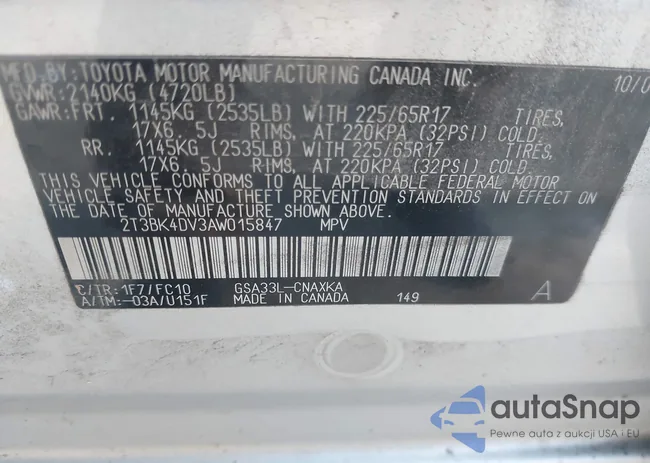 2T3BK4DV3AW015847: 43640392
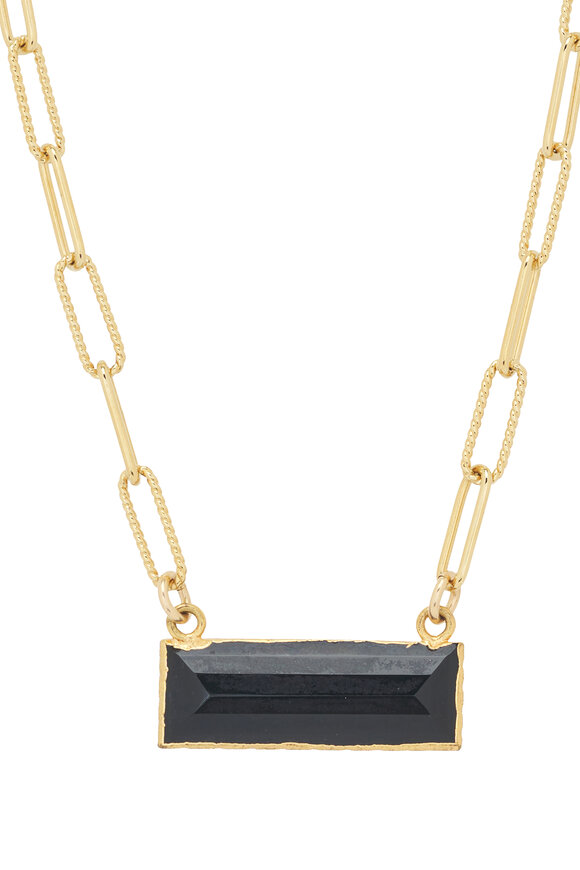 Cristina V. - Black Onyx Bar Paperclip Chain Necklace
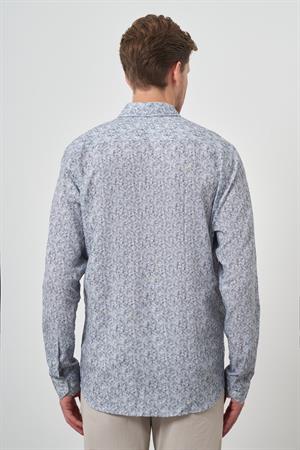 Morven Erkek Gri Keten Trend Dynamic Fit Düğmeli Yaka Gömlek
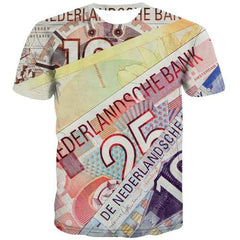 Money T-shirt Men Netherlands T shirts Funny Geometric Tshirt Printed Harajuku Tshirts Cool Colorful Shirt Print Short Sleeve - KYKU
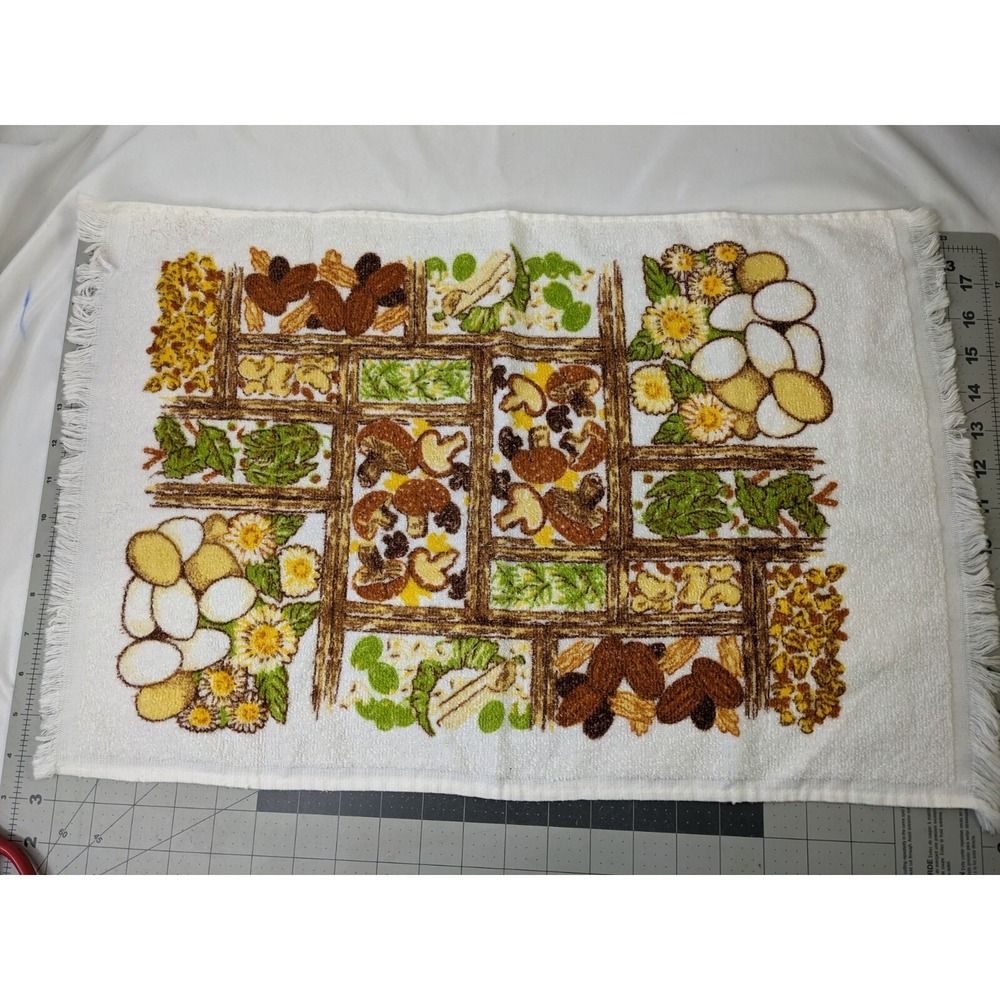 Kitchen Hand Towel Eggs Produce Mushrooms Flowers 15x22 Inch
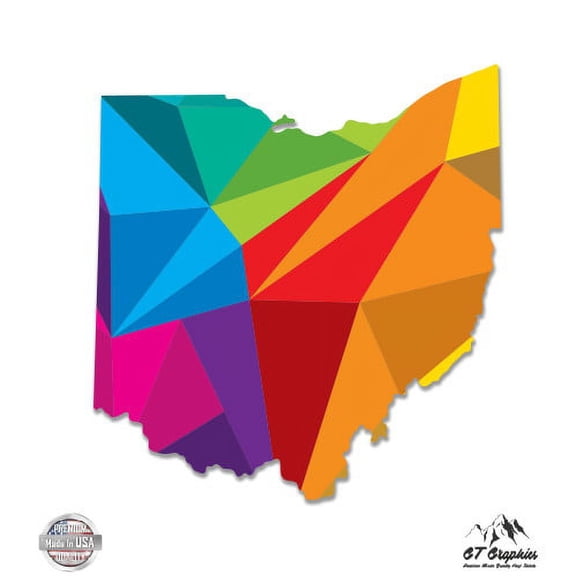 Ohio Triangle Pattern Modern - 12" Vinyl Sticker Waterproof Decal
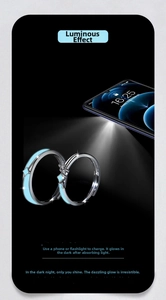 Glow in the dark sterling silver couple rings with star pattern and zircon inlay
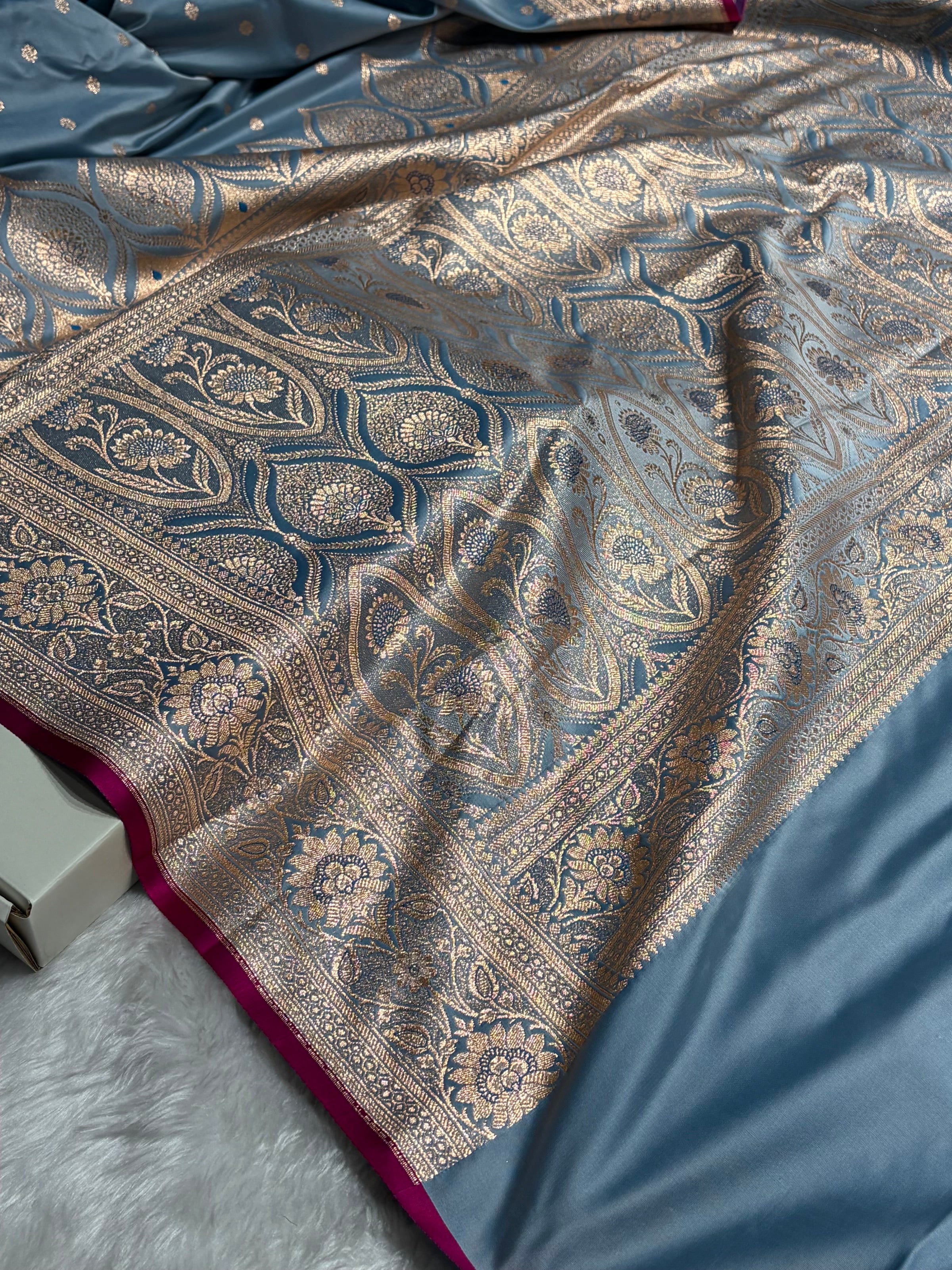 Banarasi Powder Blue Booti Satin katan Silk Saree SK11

#####

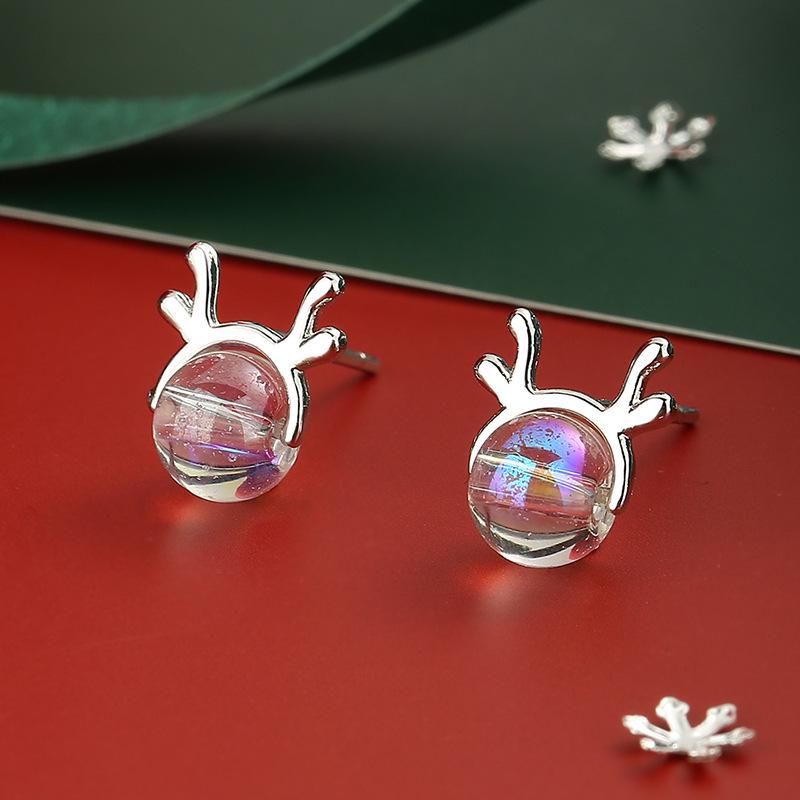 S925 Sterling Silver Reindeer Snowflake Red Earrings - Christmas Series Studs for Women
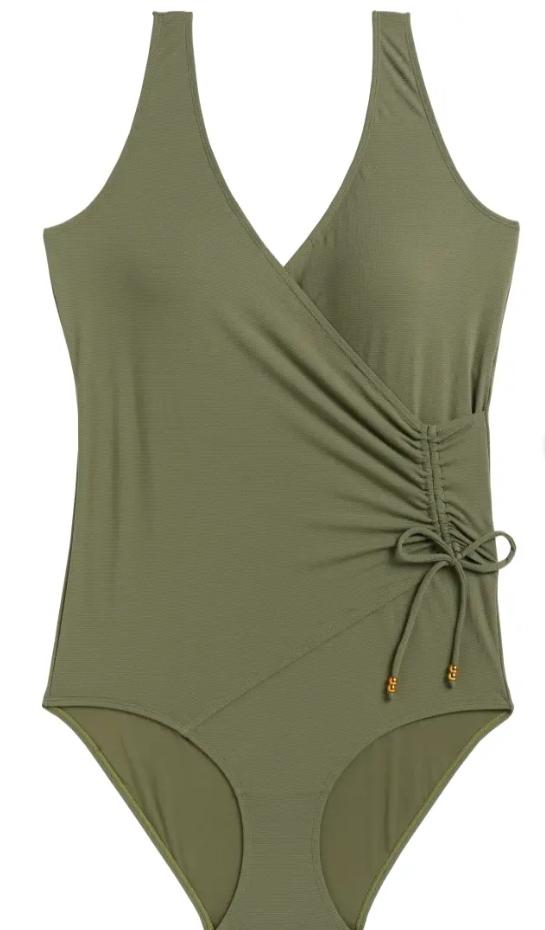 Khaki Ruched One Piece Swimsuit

#####

• [ASSIGNMENT]: Range to copy from the listing above: the line containing "Morven Erkek Gri" down to the line containing "Banarasi Powder Blue", both included. Reproduce it exactly, minus the pictures, and add nothing.

• [TASK RESULT]:
 Morven Erkek Gri Keten Trend Dynamic Fit Düğmeli Yaka Gömlek
 Money T-shirt Men Netherlands T shirts Funny Geometric Tshirt Printed Harajuku Tshirts Cool Colorful Shirt Print Short Sleeve - KYKU
 Kitchen Hand Towel Eggs Produce Mushrooms Flowers 15x22 Inch
 Ohio Triangle Pattern Modern - 12" Vinyl Sticker Waterproof Decal
 Glow in the dark sterling silver couple rings with star pattern and zircon inlay
 Banarasi Powder Blue Booti Satin katan Silk Saree SK11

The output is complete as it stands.